Taberna

Ingredients
Serves 2
1 tsp garam masala
1 tsp amchuri
1 tsp chilli
1 tsp ground coriander
1 tsp ground turmeric
1 tsp salt
1 tsp sugar
1 tbs ginger and garlic paste
1 440g tin chopped tomatoes
1 440g tin chickpeas
1 onion, finely chopped
Chickpea Curry
This is quite a cheeky little number which is similar to the curries you have out in Mauritius. You can tweak it to make it slightly fruity or a bit hotter as you prefer. You could substitute black eyed peas for the chickpeas if makes you happy. If you are a rabid carnivore, use chicken or some other poor unsuspecting beast.
Method
Fry off the onion in some vegetable oil - you could use ghee if you have it - until soft and translucent. Then add all of the dry ingredients and very gently fry them off for a couple of minutes being careful not to burn them - you might need to add a touch more oil if the mixture looks very dry.
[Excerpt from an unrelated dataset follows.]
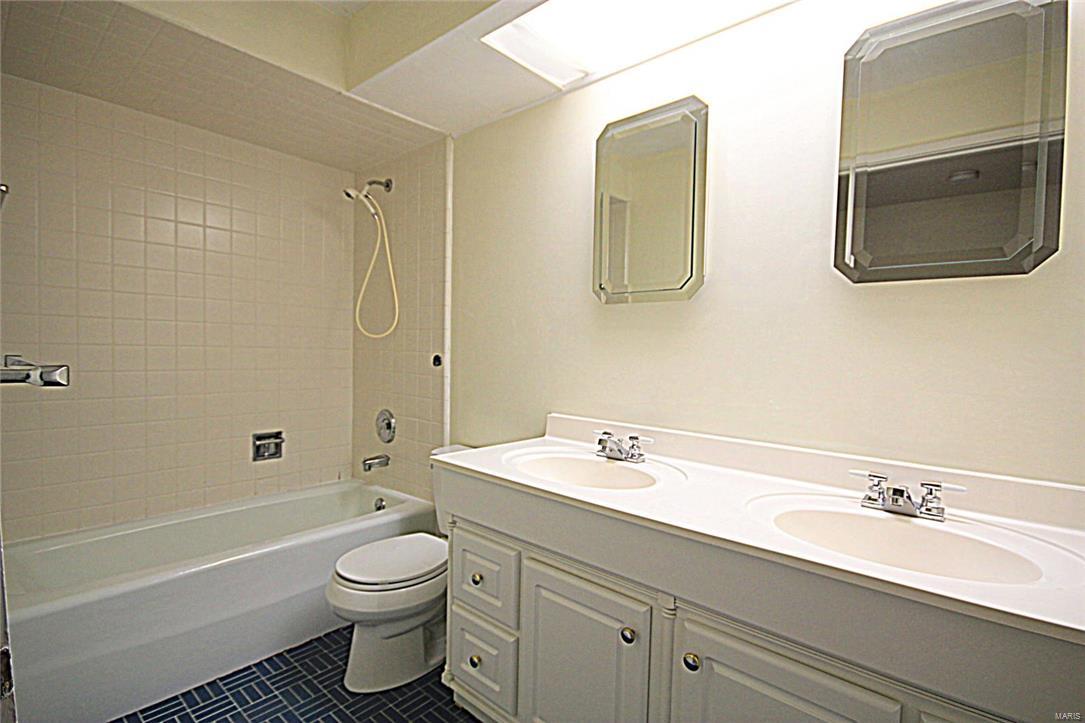 Meadowbrook Country Club - Residential Lease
Add the ginger and garlic paste and cook off very carefully for a minute, again being careful not the burn the garlic. Now add the tomatoes and let the whole mixture simmer down to the consistency you want.
When ready, add the chickpeas (don't add them too early as you don't want them to turn to mush) and warm through.
Serve with rice or a naan. How simple was that? You can add some dried dates or apricots (chopped) to the mixture to make it fruity and you can add a bit of chilli (powdered or chopped) to add a bit more heat.
Oh, also I usually use tinned chickpeas to be honest as I'm lazy.